• [Work instruction]
Write the entries below out again without a single difference.

• [Records for this task]
↓↓↓
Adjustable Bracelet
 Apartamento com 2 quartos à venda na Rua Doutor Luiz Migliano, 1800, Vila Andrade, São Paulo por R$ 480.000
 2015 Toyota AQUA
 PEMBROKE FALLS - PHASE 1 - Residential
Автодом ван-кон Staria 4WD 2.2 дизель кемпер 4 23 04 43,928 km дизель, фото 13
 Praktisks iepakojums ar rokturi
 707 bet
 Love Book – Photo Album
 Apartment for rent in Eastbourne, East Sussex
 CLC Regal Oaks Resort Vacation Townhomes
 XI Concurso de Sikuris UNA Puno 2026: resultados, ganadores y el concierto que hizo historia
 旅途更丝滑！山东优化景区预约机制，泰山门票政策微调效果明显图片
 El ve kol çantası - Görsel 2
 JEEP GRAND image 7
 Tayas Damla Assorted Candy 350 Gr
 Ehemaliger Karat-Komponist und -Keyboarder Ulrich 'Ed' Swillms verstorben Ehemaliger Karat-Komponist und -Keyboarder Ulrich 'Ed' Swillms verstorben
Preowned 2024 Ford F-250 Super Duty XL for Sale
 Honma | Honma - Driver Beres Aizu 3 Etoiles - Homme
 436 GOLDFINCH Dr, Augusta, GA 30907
↑↑↑
• [Result of this exercise]
Adjustable Bracelet
 Apartamento com 2 quartos à venda na Rua Doutor Luiz Migliano, 1800, Vila Andrade, São Paulo por R$ 480.000
 2015 Toyota AQUA
 PEMBROKE FALLS - PHASE 1 - Residential
Автодом ван-кон Staria 4WD 2.2 дизель кемпер 4 23 04 43,928 km дизель, фото 13
 Praktisks iepakojums ar rokturi
 707 bet
 Love Book – Photo Album
 Apartment for rent in Eastbourne, East Sussex
 CLC Regal Oaks Resort Vacation Townhomes
 XI Concurso de Sikuris UNA Puno 2026: resultados, ganadores y el concierto que hizo historia
 旅途更丝滑！山东优化景区预约机制，泰山门票政策微调效果明显图片
 El ve kol çantası - Görsel 2
 JEEP GRAND image 7
 Tayas Damla Assorted Candy 350 Gr
 Ehemaliger Karat-Komponist und -Keyboarder Ulrich 'Ed' Swillms verstorben Ehemaliger Karat-Komponist und -Keyboarder Ulrich 'Ed' Swillms verstorben
Preowned 2024 Ford F-250 Super Duty XL for Sale
 Honma | Honma - Driver Beres Aizu 3 Etoiles - Homme
 436 GOLDFINCH Dr, Augusta, GA 30907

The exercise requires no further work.